Robyn: Educators are trying to teach more neuroscience concepts to kids. There’s a growing understanding that for kids to become more aware of the brain is vital, both throughout school, and later in life. There are more and more educational initiatives trying to achieve this and it’s definitely a good thing.
Q: The notion of striving to change, and developing your creative side and your imagination, is a big theme in your novel. Why do you think it’s so important?
Stephan: Your ability to make new connections and form new synapses in your brain is key to getting new thoughts and ideas. Often the best ideas come from completely non linear and seemingly illogical connections. Koestler called this process bisociation, the association of ideas from unrelated domains. It’s important in art, science and business. If you want to get a breakthrough of some kind,you have to nurture your imagination, your ability to see new connections, new ways of looking at things.

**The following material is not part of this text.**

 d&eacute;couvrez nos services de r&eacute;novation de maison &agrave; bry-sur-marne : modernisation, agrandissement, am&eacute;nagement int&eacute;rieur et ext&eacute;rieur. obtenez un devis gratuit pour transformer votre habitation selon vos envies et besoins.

Robyn: Even though we made the “left side of the brain” the bad guy, we know the logical part is vital. It represents important characteristics that we all share to varying degrees. In my own attempts to make my life more functional, when I challenge myself to be more logical instead of my usual emotional response, I’ve had incredibly positive results. But on the other hand, in the bigger picture, I think we both feel that we live in a world where creative and emotionally dominant people, those Tennessee Williams called the delicate people, are not encouraged enough, particularly in educational systems. That is what Sir Ken Robinson aptly points out.

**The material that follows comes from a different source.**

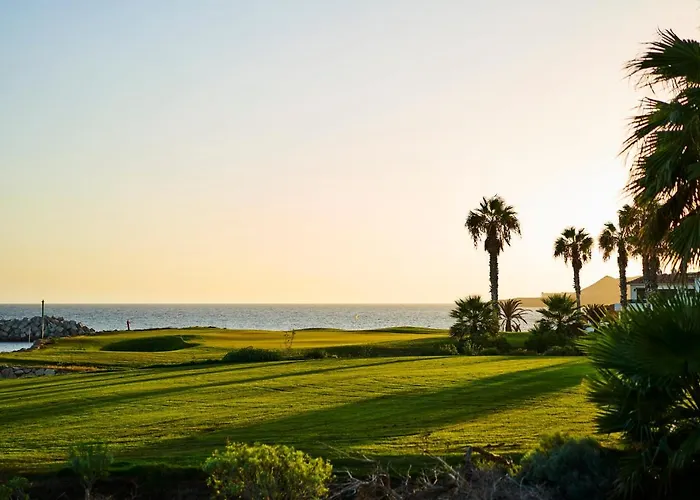 2 Bdr,2 Bath Amarilla Golf Apartman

Q: What would you hope that kids will take away from reading the book Brainwalker?
Stephan: I hope they become more aware of the way their brain works, and realize what an amazing tool they have. If they realize what their brain is capable of, and learn to think for themselves, they can achieve extraordinary things. Otherwise, their thinking will be conditioned by others, and their imagination and creativity will disappear in their adult life.
Robyn: And also, don’t be afraid of change. Don’t be afraid of developing more of your Reezon side if you’re an Intuit, and more of your Intuit side if you’re a Reezon. Everyone can relate to this because we have dominant ways of thinking which are in conflict at times. The goal is to explore the civil brain war and use our brain in a more balanced and harmonious way. What drives a person’s desire to choose one activity over another? All human brains have an emotional and logical side. It’s a question of proportions. That’s why some are dancers and some are accountants.
ON CREATING THE BRAINIVERSE, THE WORLD OF THE BRAIN IN THE SCIENCE-FANTASY NOVEL BRAINWALKER
Q: Reezons and Intuits are fighting over Energeia. What exactly is Energeia? Is there anything in an actual brain that corresponds to energeia?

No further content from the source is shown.